Researchers from Spotify, the popular streaming service, have filed a patent on a technology that could in the future be used to improve music suggestions. While this sounds interesting and promising, the controversial bit about this technology is that it involves tracking and using the recordings of user's voices so that an algorithm can 'judge' the mood of a person and suggest them apt music tracks.
In the search for a better way to find a user's preferences or suitable music, Spotify could rely on listeners' voices, among other things, in the future. According to the patent, prosodic information, such as intonation or rhythm of the voice, could be used to determine the user's mood. Based on this, appropriate songs or musicians could then be suggested.

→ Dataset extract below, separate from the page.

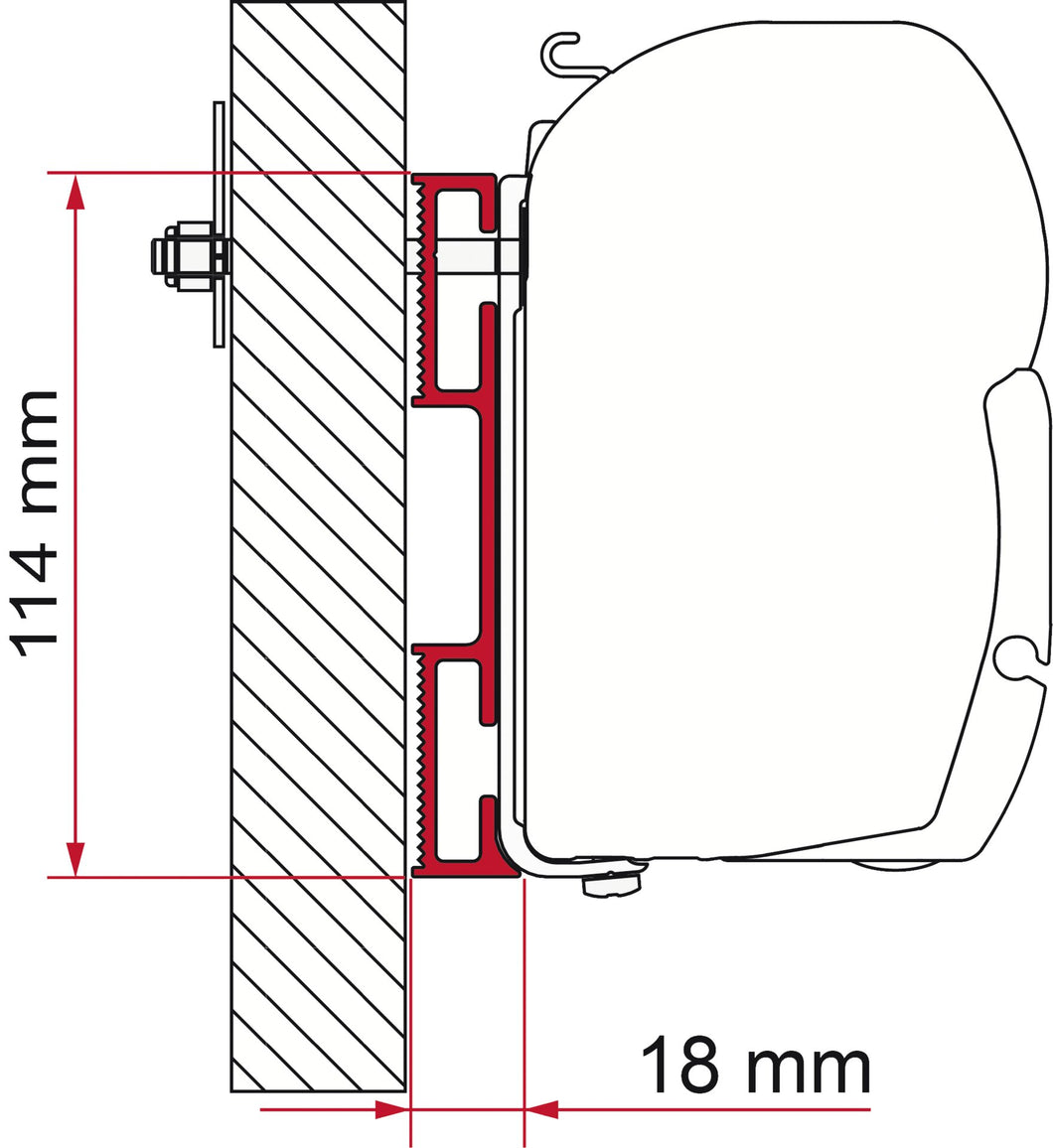 Adapter D, 8 cm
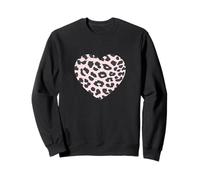 Carino Rosa Chiaro Nero Leopard Modello Animale Minimalista Felpa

In addition to the voice of a user, background noises could also be included in such suggestions. These could be used, for example, to determine whether the listener is alone or surrounded by other people.
Optimizing music suggestions through speech recognition
One of the reasons for such research is the technology currently used to "get to know" users. This often involves filling out long and time-consuming dialogues or selecting a list of preferred musicians to receive personalized suggestions based on them.
According to the patent, "an entirely different approach to collecting taste attributes of a user" is needed. The goal is to make manual input at least partially unnecessary. This is exactly where the analysis of an audio signal, i.e. speech and background noise, is supposed to come in.
What speech can reveal about a user
The patent gives some examples of what the new system should be able to recognize. In addition to just understandimg what a user has said, it should also be able to filter out metadata. This includes, for example, the emotional state, gender, age and possible accent of the user.
Based on the background noises it could also possible to recognize the environment. This includes not only whether you are in a train, car, park or shop, but also whether you are alone, in a small group or at a party.
All of this information will then be combined with, for example, previous requests from the listener, their existing music library and also reviews from friends to make suggestions for upcoming content.
Audio recordings: what about privacy?
The system described leaves open how exactly Spotify intends to get this audio data from its users. It would be conceivable, for example, to have a function for direct voice input in the app. But what happens, for example, to recordings after they've been analyzed? And what about the results of these analyses themselves? These would be open questions.
However, since this is only a patent so far, we can only speculate about this. Unlocking the microphone for an app must be explicitly enabled by the user, so unwanted eavesdropping by Spotify is unlikely.
Furthermore, companies often patent technologies for themselves without these ultimately being found in the final products. It is therefore quite possible that such a feature will never be integrated into Spotify.